▶ [WHAT TO WORK ON] Write out the listing below exactly, and omit any images you find in it.
Start of INPUT MATERIAL
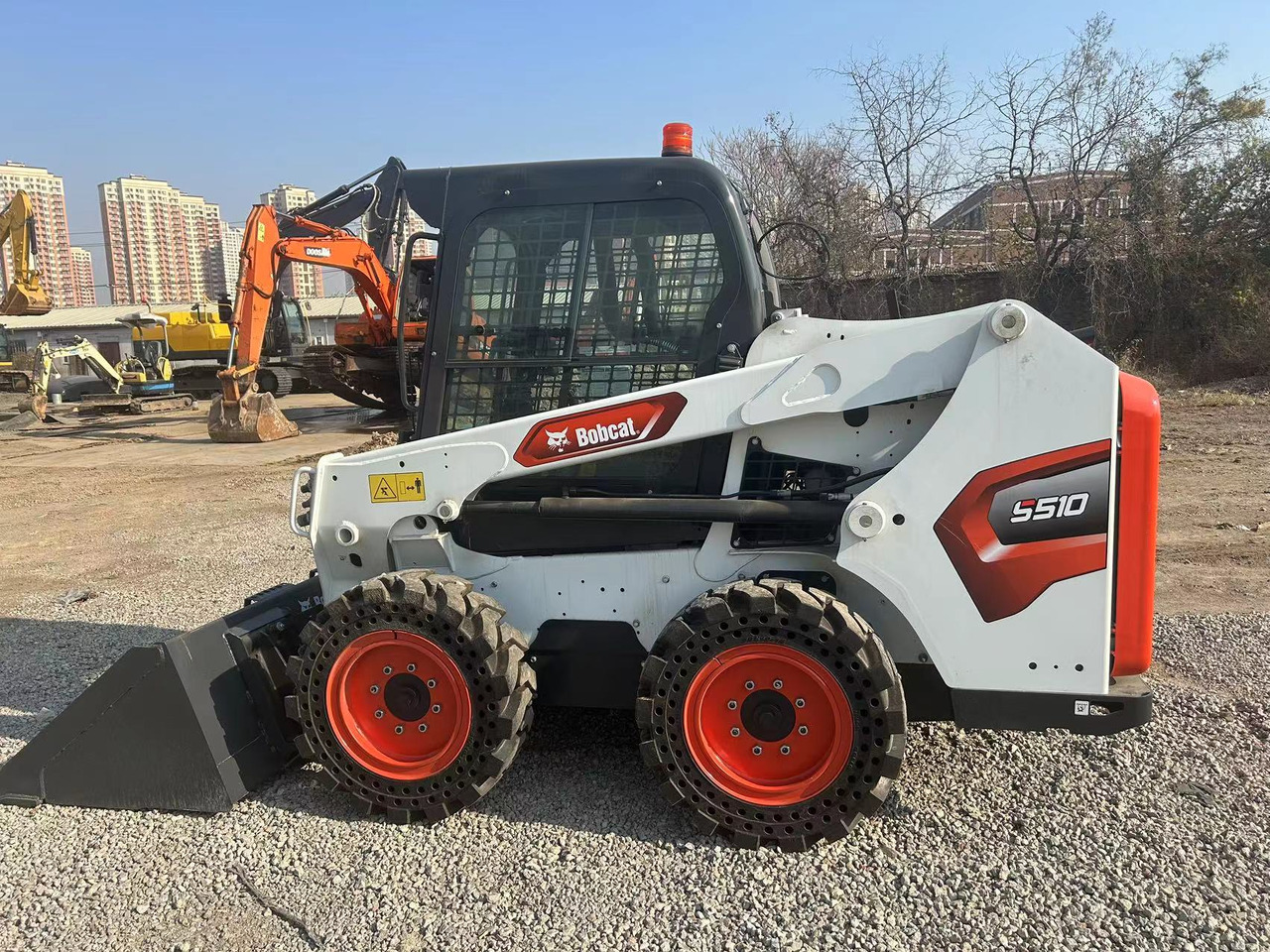 BOBCAT Skid Steer Loader S510 - Baumaschine: das Bild 2 BOBCAT Skid Steer Loader S510 - Baumaschine: das Bild 2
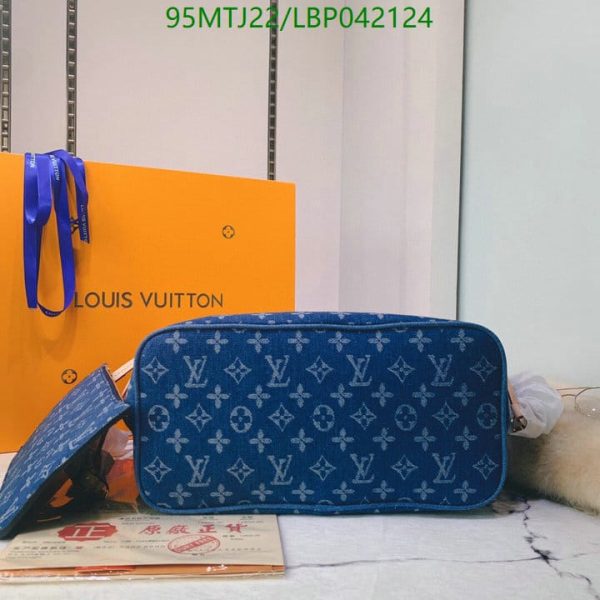 Louis Vuitton AAA+ Replica Neverfull MM Autres Toiles in Blue LBP0421243164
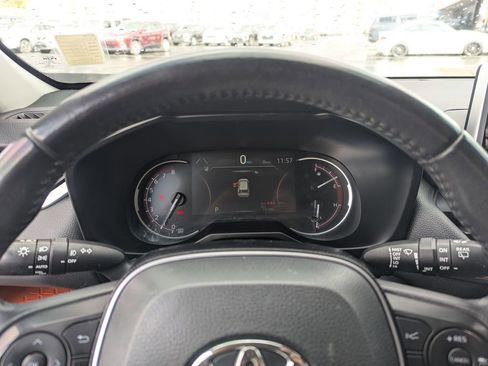 Used 2020 Toyota RAV4 Adventure image 21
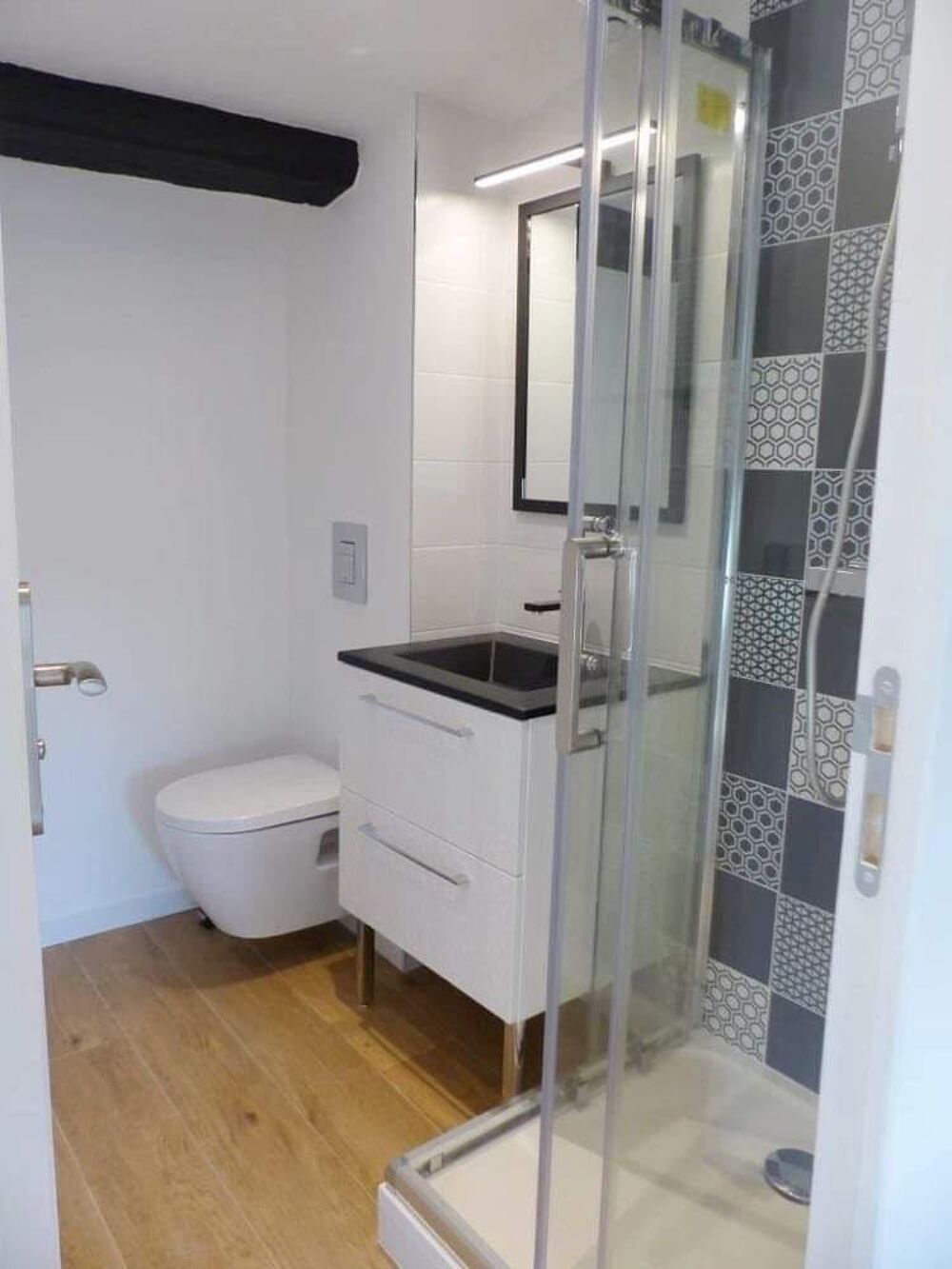 Location Appartement Studio meublé rénové proche place de la Brèche Niort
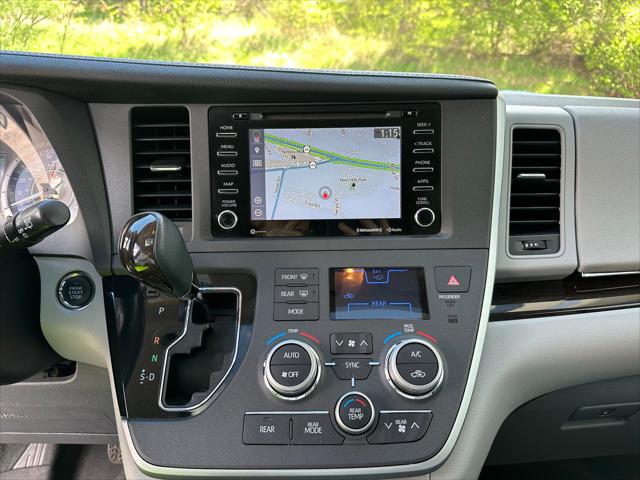 2020 Toyota Sienna XLE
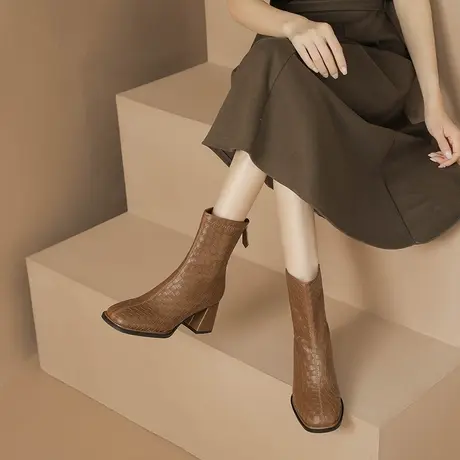 方头高跟短靴女2024年新款秋季单靴粗跟切尔西靴复古英伦风马丁靴图片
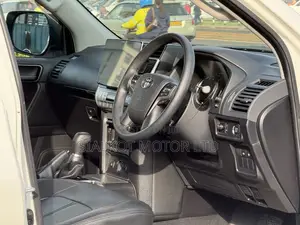 Toyota Land Cruiser Prado 2.7 2019 White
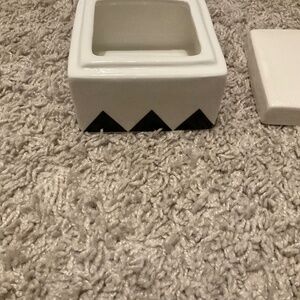 J.CREW CERAMIC JEWELRY TRINKET BOX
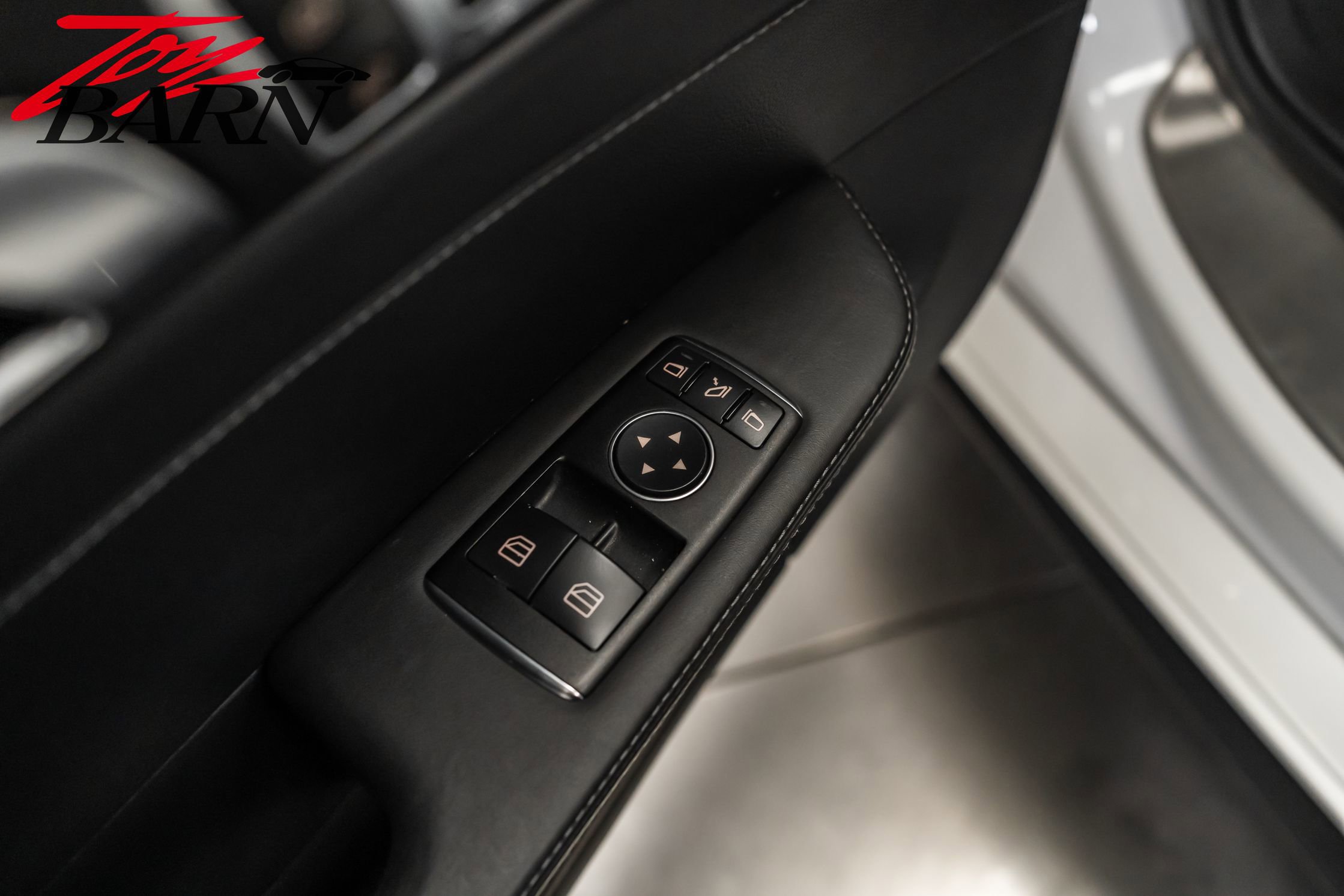 Used 2017 Mercedes-Benz AMG GT Coupe image 23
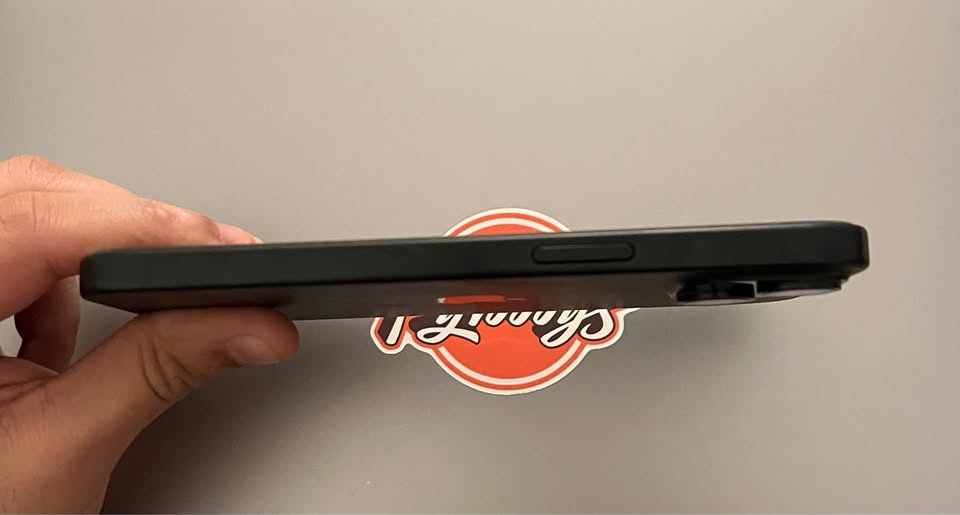 iPhone 15 - photo 4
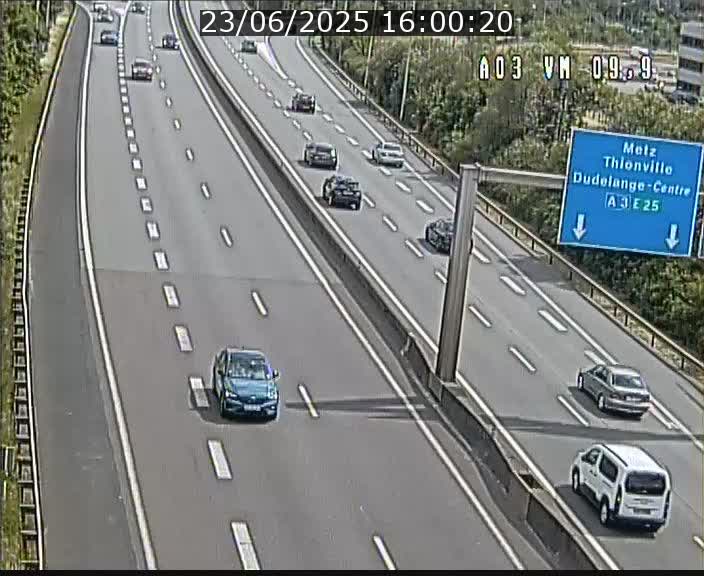 <h2>Webcam Autoroute à la Croix de Bettembourg - A3 - BK 9.9 - direction France</h2>
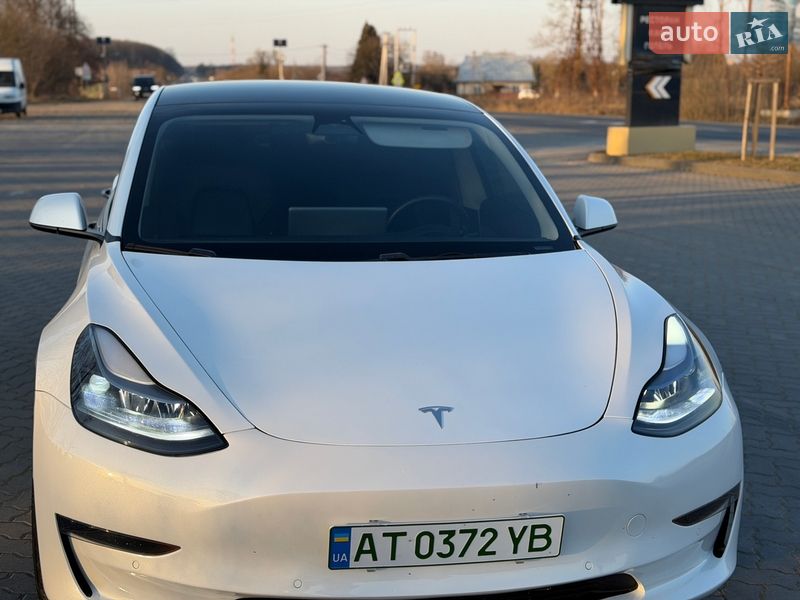 Седан Tesla Model 3 2021 в Коломые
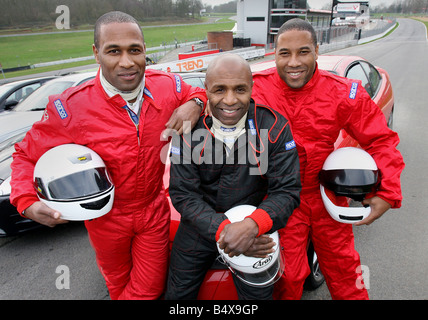 Fahrer, darunter ex-Fußballer, probieren Sie die ersten Karibik-Racing-Team in Brands Hatch heute. Les Ferdinand, Luther Blissett und John Barnes.; 29. Januar 2007 Stockfoto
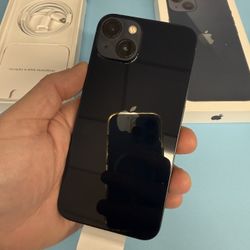 Brand New iPhone 13 With 1 Year Apple Warranty 128gb Unlocked ( Liberado)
End of INPUT MATERIAL
▶ [EXERCISE OUTPUT]
 BOBCAT Skid Steer Loader S510 - Baumaschine: das Bild 2 BOBCAT Skid Steer Loader S510 - Baumaschine: das Bild 2
 Louis Vuitton AAA+ Replica Neverfull MM Autres Toiles in Blue LBP0421243164
 Used 2020 Toyota RAV4 Adventure image 21
 Location Appartement Studio meublé rénové proche place de la Brèche Niort
 2020 Toyota Sienna XLE
 方头高跟短靴女2024年新款秋季单靴粗跟切尔西靴复古英伦风马丁靴图片
 Toyota Land Cruiser Prado 2.7 2019 White
 J.CREW CERAMIC JEWELRY TRINKET BOX
 Used 2017 Mercedes-Benz AMG GT Coupe image 23
 iPhone 15 - photo 4
 <h2>Webcam Autoroute à la Croix de Bettembourg - A3 - BK 9.9 - direction France</h2>
 Седан Tesla Model 3 2021 в Коломые
 Fahrer, darunter ex-Fußballer, probieren Sie die ersten Karibik-Racing-Team in Brands Hatch heute. Les Ferdinand, Luther Blissett und John Barnes.; 29. Januar 2007 Stockfoto
 Brand New iPhone 13 With 1 Year Apple Warranty 128gb Unlocked ( Liberado)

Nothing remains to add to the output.